BEGIN GIVEN DATA

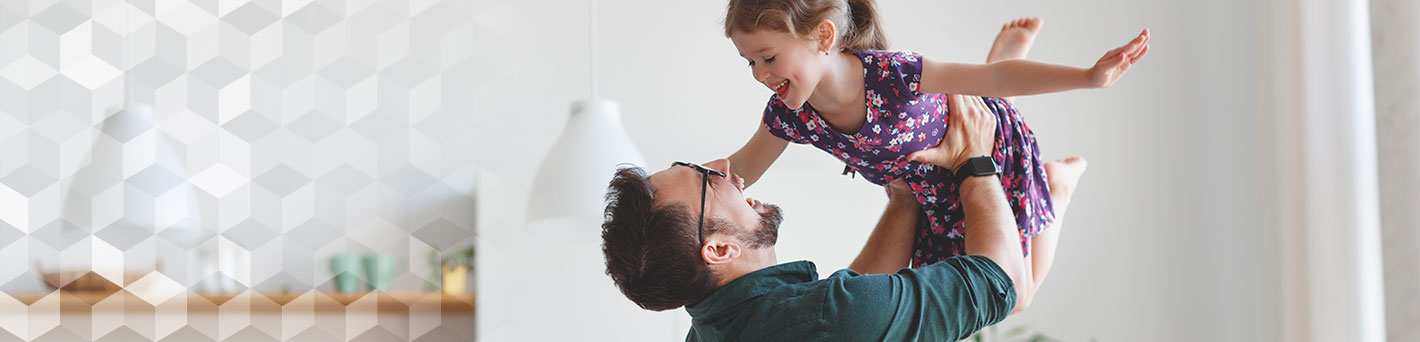 Father and daughter playing.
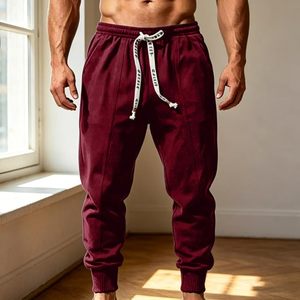 Pantalon de jogging décontracté en coton pour homme, taille élastique avec cordon de serrage, couleur unie, doux et confortable, idéal pour l'automne et l'hiver - Product Image 3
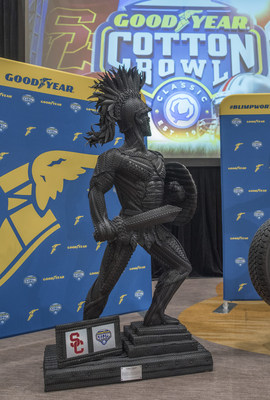 Goodyear unveils tire mascot sculptures of the University of Southern California’s Tommy Trojan and The Ohio State University’s Brutus on Wednesday, Dec. 27 in Dallas. Made from more than 400 Goodyear tires, the ‘Blimpworthy’ pieces of artwork honor the hard work, determination and grit of both teams that have advanced to the 82nd Cotton Bowl Classic.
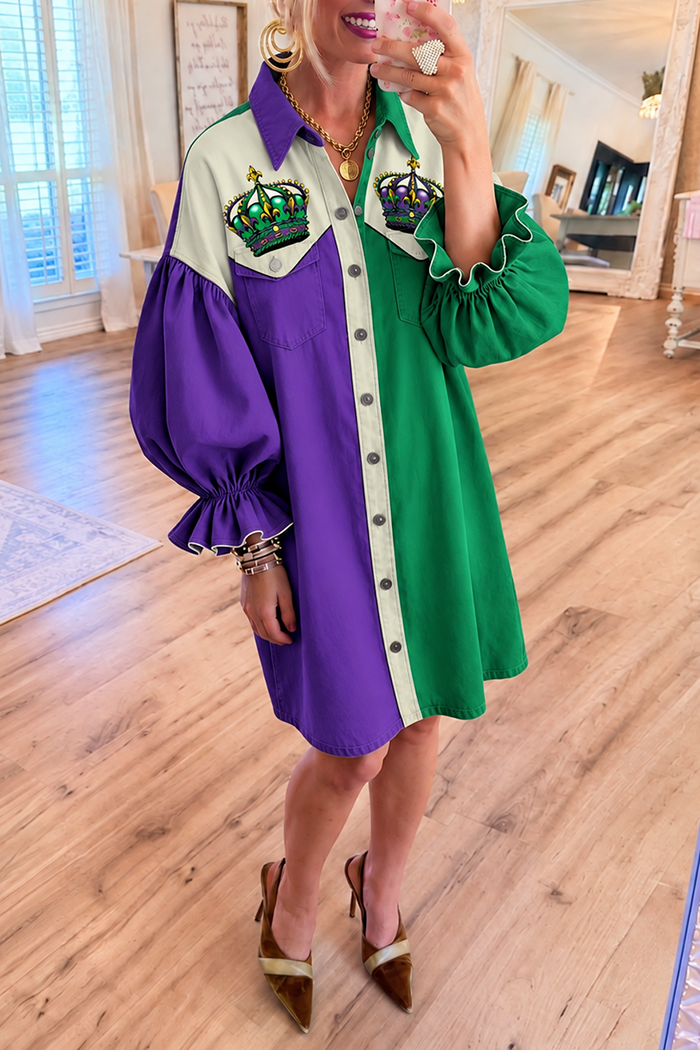 Color Block Denim Crown Bubble Ruffle Sleeve Pockets Dress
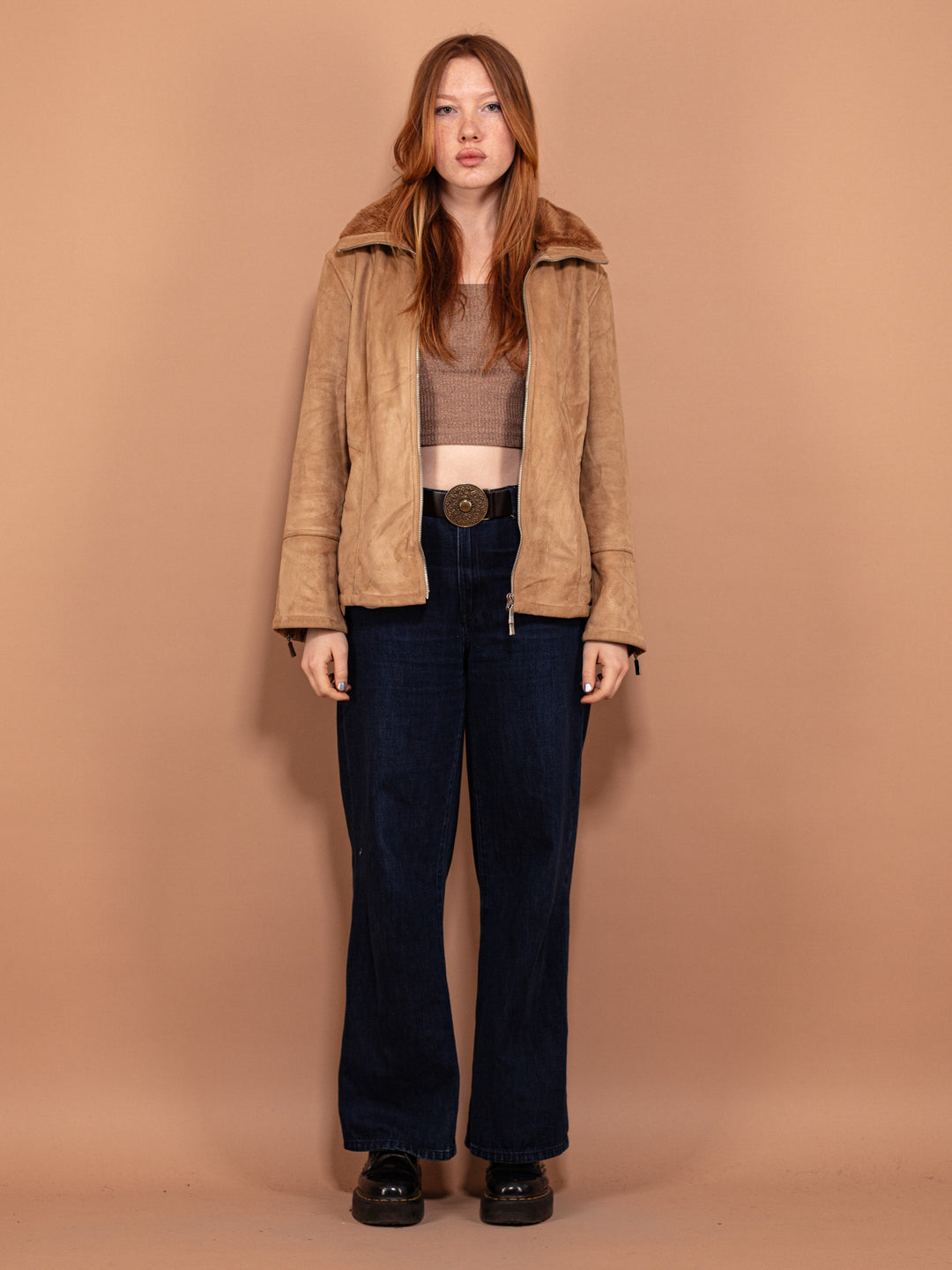 Vintage 90's Women Zip Up Faux Shearling Jacket in Beige - NorthernGrip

END GIVEN DATA

ASSIGNMENT:
Your copy should match the records above exactly, apart from the pictures, which stay out.

FINISHED TASK:
 Father and daughter playing.
 Pantalon de jogging décontracté en coton pour homme, taille élastique avec cordon de serrage, couleur unie, doux et confortable, idéal pour l'automne et l'hiver - Product Image 3
 Goodyear unveils tire mascot sculptures of the University of Southern California’s Tommy Trojan and The Ohio State University’s Brutus on Wednesday, Dec. 27 in Dallas. Made from more than 400 Goodyear tires, the ‘Blimpworthy’ pieces of artwork honor the hard work, determination and grit of both teams that have advanced to the 82nd Cotton Bowl Classic.
 Color Block Denim Crown Bubble Ruffle Sleeve Pockets Dress
 Vintage 90's Women Zip Up Faux Shearling Jacket in Beige - NorthernGrip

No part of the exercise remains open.